それとも、「現実を生きている人間のほうが、出来の悪いノベルゲームの登場人物化してきている」ということなのだろうか。
近頃、私たちには時間がなかった。麻衣子は政治塾に通い、時々父親のつてで知り合ったという議員の手伝いもしていた。何年か社会人経験を積んだ後は、自分もどこかの議員に立候補するつもりだという。大学の講義やゼミも手を抜いている様子はなく、最近は就職活動も始め、私の相手をしている暇はいよいよなさそうだった。最後にセックスをしたのは、一ヵ月以上前だったか。付き合っているのだから、私は麻衣子ともっとセックスをしたい。本当なら毎日したいけれど、勉強もしたいから、二日に一度くらいが適当だろうか。しかし麻衣子がしたくないなら、無理にセックスをすることはできない。無理にしようとすれば、それは強姦で、私は犯罪者として法の裁きを受けるだろう。それに、私は麻衣子の彼氏だ。麻衣子の嫌がることはできない。麻衣子が目標に向けて頑張っているなら、それを応援するのが私の役目だろう。
あまりに「自分の内面」が説明的に語り続けられるのを読んでいると、「これは、見かけ上は社会にうまく適応することができた発達障害者の心の動きを記録した小説なのだろうか?」という気もするのです。
そうであるとするならば、これは「傑作」なのかもしれません。
ただ、読みながら、「もしかしたら、石原慎太郎の『太陽の季節』とか、村上龍の『限りなく透明に近いブルー』、村上春樹の『風の歌を聴け』を、いまの僕と同じくらいの年齢、40代くらいで読んだ当時の大人たちも、みんな『何なのこの性欲について延々と書かれているみっともない小説は!』って思っていたかもしれないな」とは考えていました。
本当に、この小説には何もない。いや、言い訳と性欲しかない。これこそが現代の「虚無」なのだろうか。
そもそも、小説というのは「みっともないものを、活字にして突き付ける」面はある。
もし僕がこれを高校生のときに読んでいたら、「大学生って、こんなに簡単に、女の人と仲良くできるのか、いいなあ!勉強頑張ろう!」とか思っていたかもしれません。
村上春樹さんの『ノルウェイの森』を読んだときはそう思ったのだけれど、あれから30年間、ワタナベのような「やりたい放題期」は、僕には一度も訪れてくれませんでした。
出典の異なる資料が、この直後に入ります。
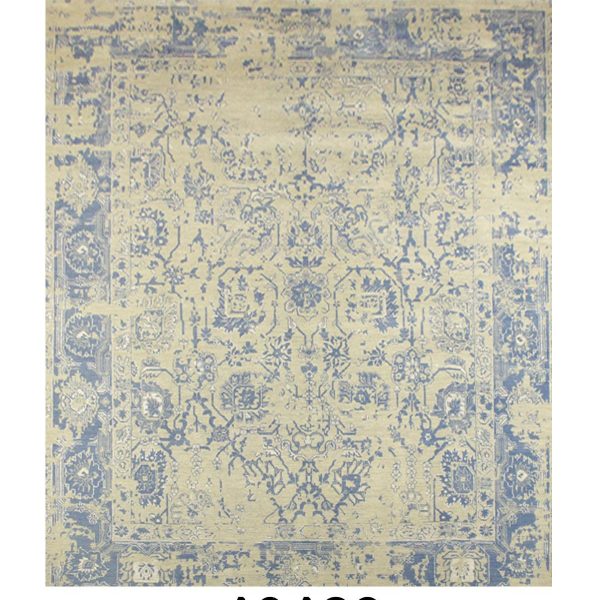 INDO IKATS - Item 10123 - Image 2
重要なサブキャラっぽい「膝」っていう人も(ネーミングセンスが村上春樹っぽいというか「鼠」を思い出しました)、思わせぶりなのだけれども、結局、主人公と恋人の出会いのきっかけとしか機能していないし。
あと、ラストで主人公の性格が変わりすぎているというか「読者を満足させる終わりにする」ために、すごく駆け足で御都合主義になっているように感じました。
こいつに天罰を!と思っていたのだけれど、嫌な奴が実際に嫌な目に遭ったら、それで気分スッキリ!ってわけじゃないみたいです。
でも、これだけ不快なものを書けるというのは、ある意味「才能」なのかもしれないな。